|As we close out the year, I wanted to reflect on what has been accomplished since the beginning of 2020 until the end of 2021, and what the future holds for Sheffer Capital. We have been very fortunate to accomplish great things with many great investment partners. |
Some numbers from the last 18 months in a nutshell:
– Purchased 416 units, $43M total value
– Sold 212 units, $16M total value
– In early development 139 units, $22M total value
Current holdings at end of January 2022 are 204 units, 9 properties, ~$27M in total value.
All of this is due to what I believe to be the most important aspect of multifamily investing, treating it as a “team game”. Without our investors, none of this would be possible.
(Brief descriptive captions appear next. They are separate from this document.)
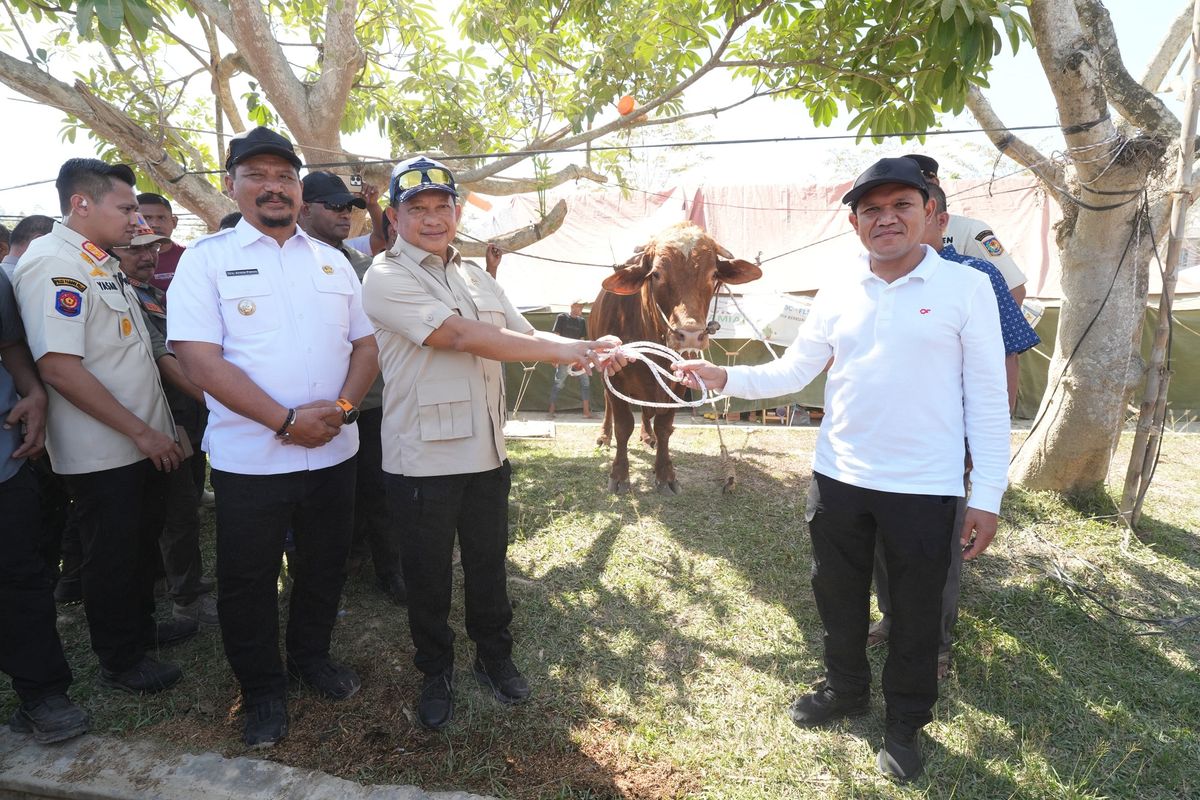 Presiden Prabowo, Aceh Utara, tradisi meugang Idul Fitri, bantuan sapi meugang, Presiden Prabowo Beri 1.123 Sapi Meugang untuk Warga Aceh Utara Jelang Lebaran 2026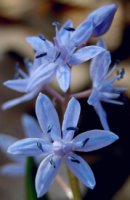 Scilla bifolia (cebulica dwulistna)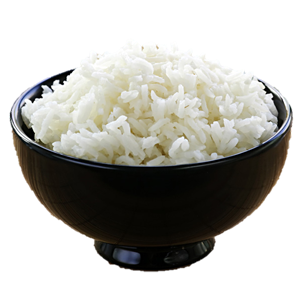 Paddy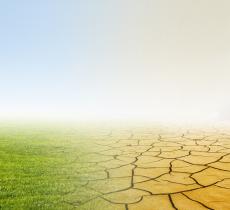 Il Cambio del Clima in Italia tra Piogge e Aumento di Temperatura – In a Bottle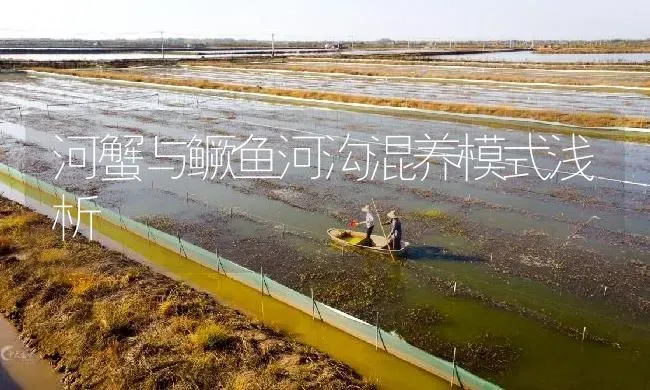 河蟹与鳜鱼河沟混养模式浅析 | 淡水养殖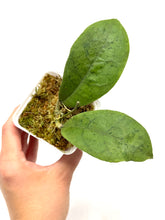 Load image into Gallery viewer, Hoya Forbesii Silver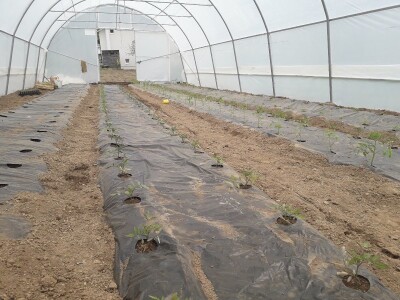 bila puna iskušenja i problema, drugu smo uspješno savladali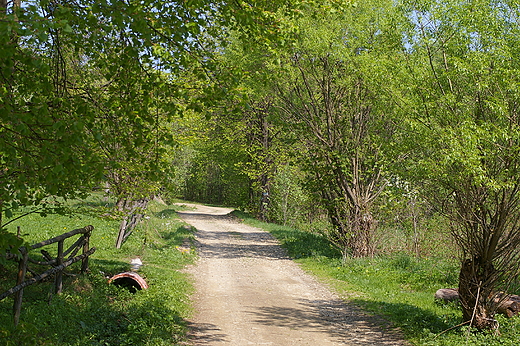 Niebieski szlak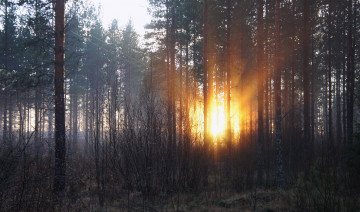 рассвет, солнечные лучи сквозь деревья, лес, сосна, природа, утро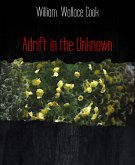 Adrift in the Unknown (eBook, ePUB)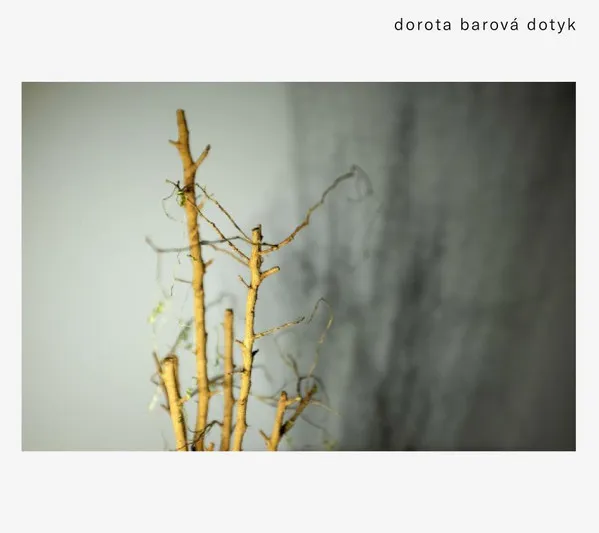 Dotyk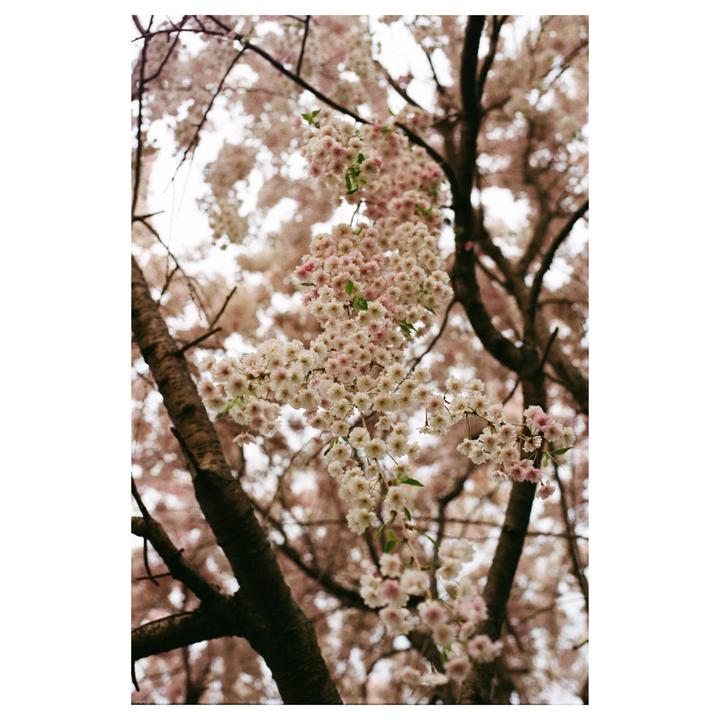 A tree branch covered in light pink blossoms hangs down against a bright sky.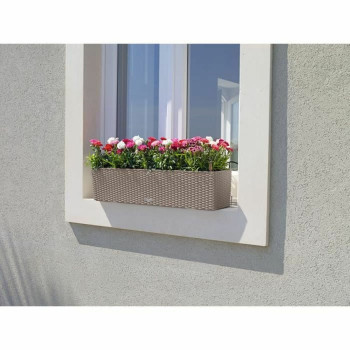 Plant pot Lechuza,,,
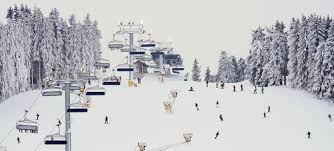 Guests can go skiing on the ski slopes of piramida, dorului or carp, which are 0.6 mi away from hotel cota 1400. Roxy World Webcam Live Sinaia Telecabina Cota 1400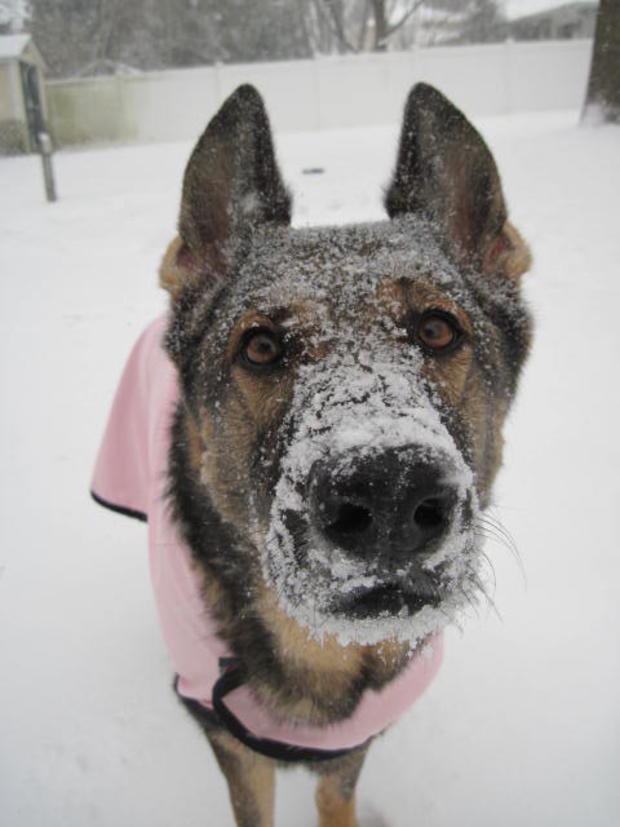 gracie-8-year-old-german-shepherd-dog-enjoying-the-snow-in-mercer-county-nj-jenm66.jpg 
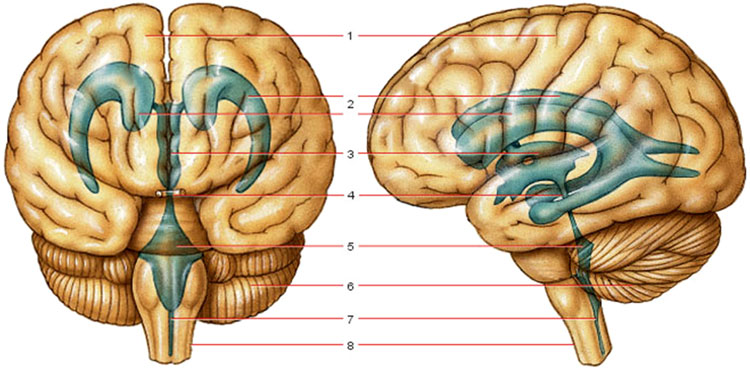 .  . 1.    .  2.  .  3.  .  4.   . 5.  .  6. .  7.      .  8.   [: DeeUnglaubSilverthorn, Ph.D. Human Physiology. URL: http://cwx.prenhall.com/bookbind/pubbooks/silverthorn2]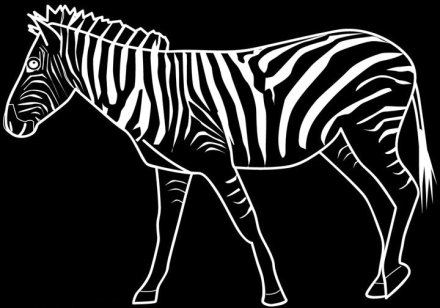 ZebraGazelle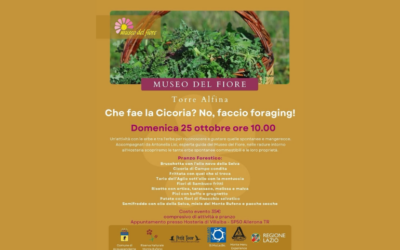 Foraging ed erbe spontanee: il 25 ottobre un’esperienza tra natura e sapori a Villalba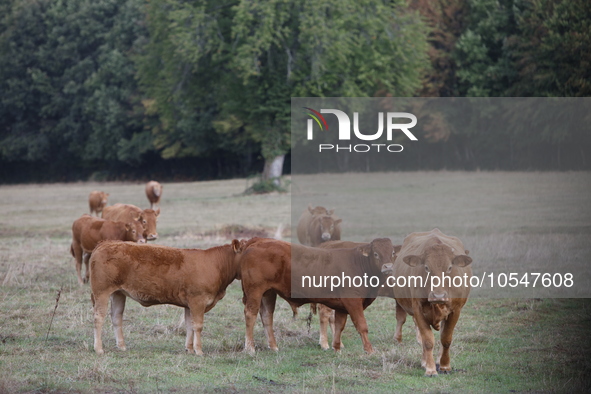 Here pictures of Cows at Premery center in France. The first cases in France of epizootic hemorrhagic disease (EMD), affecting deer and catt...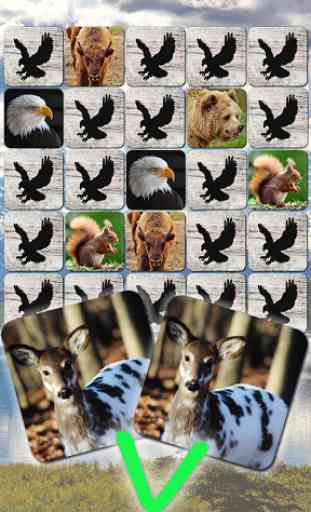 Animal Puzzle Wildlife America 4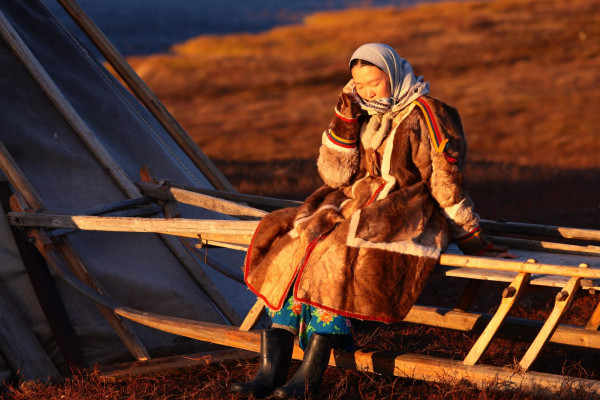 &laquo;Цинга&raquo;: Красное и серое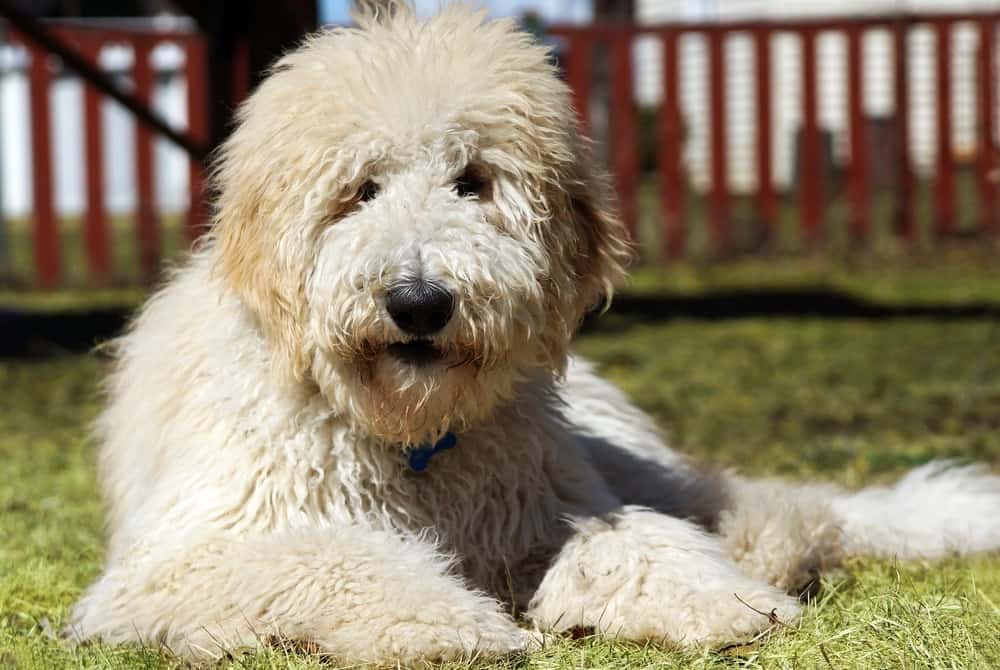 graf hmotnosti Goldendoodle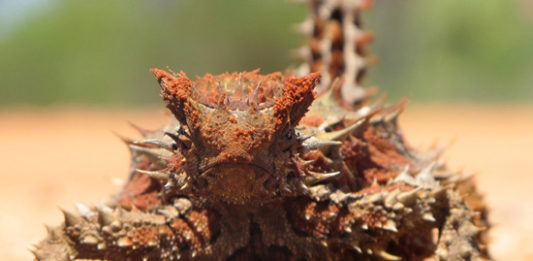 Thorny Devil in Uluru-Kata Tjuta National Park, NT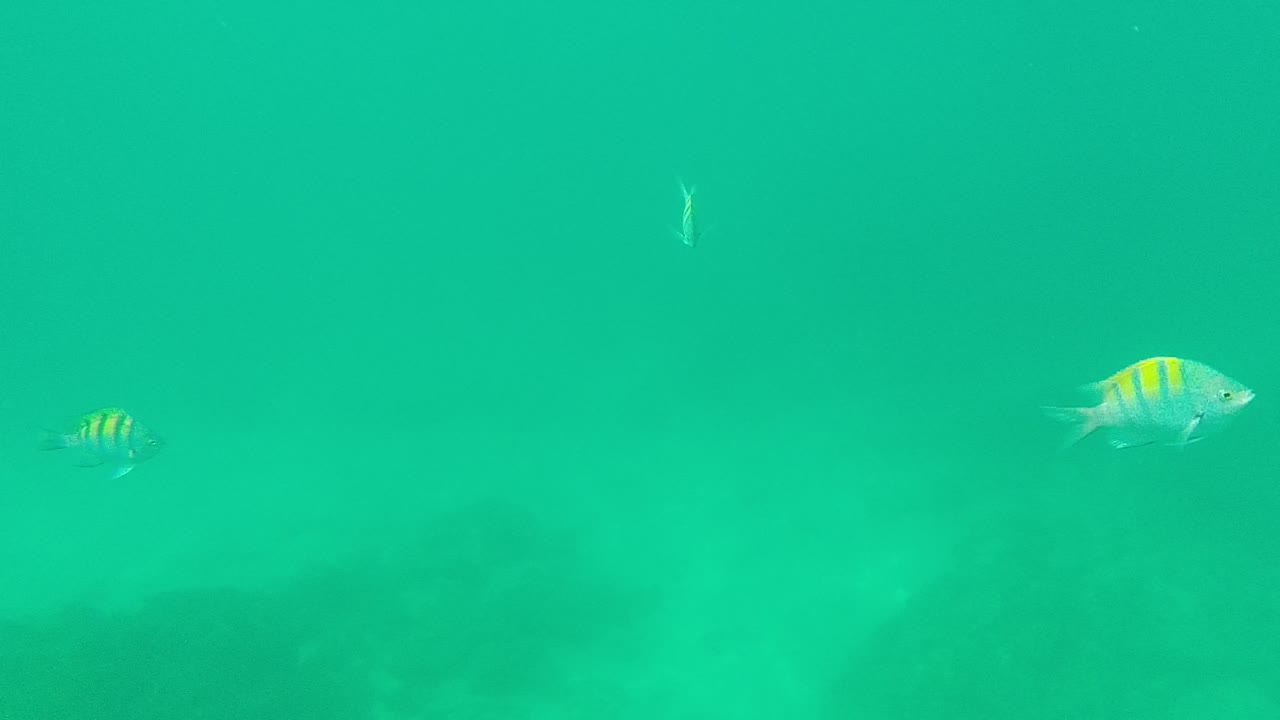 A larger striped fish sits near the center of the Palmilla Los Cabos underwater frame, with smaller fish around it and no visible people.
Each deal ranges from 3-30 investors who have trusted us with their hard-earned capital. Words cannot express how appreciative I am of each investor placing their capital in our projects.
Here’s a bit about what we see for the future
We have been scouring the earth for quality deals to purchase. We’ve built a network of what we call “deal-finders” who range from investors just starting out looking for their first deal, experienced investors looking to partner and share the work, and experienced brokers with $100M+ of transactions each year. All are bringing good deals to the table. The best deals always come off market and direct to seller, we will remain committed to cold calling and sending mailers directly to property owners. The deals we purchase are primarily properties off market, needing physical & operational improvements (value-add), for a price well below replacement cost, and something we’d feel comfortable owning at 10-25% higher than the price we purchasing at. We will continue this strategy as this has been the bread & butter of our business to date.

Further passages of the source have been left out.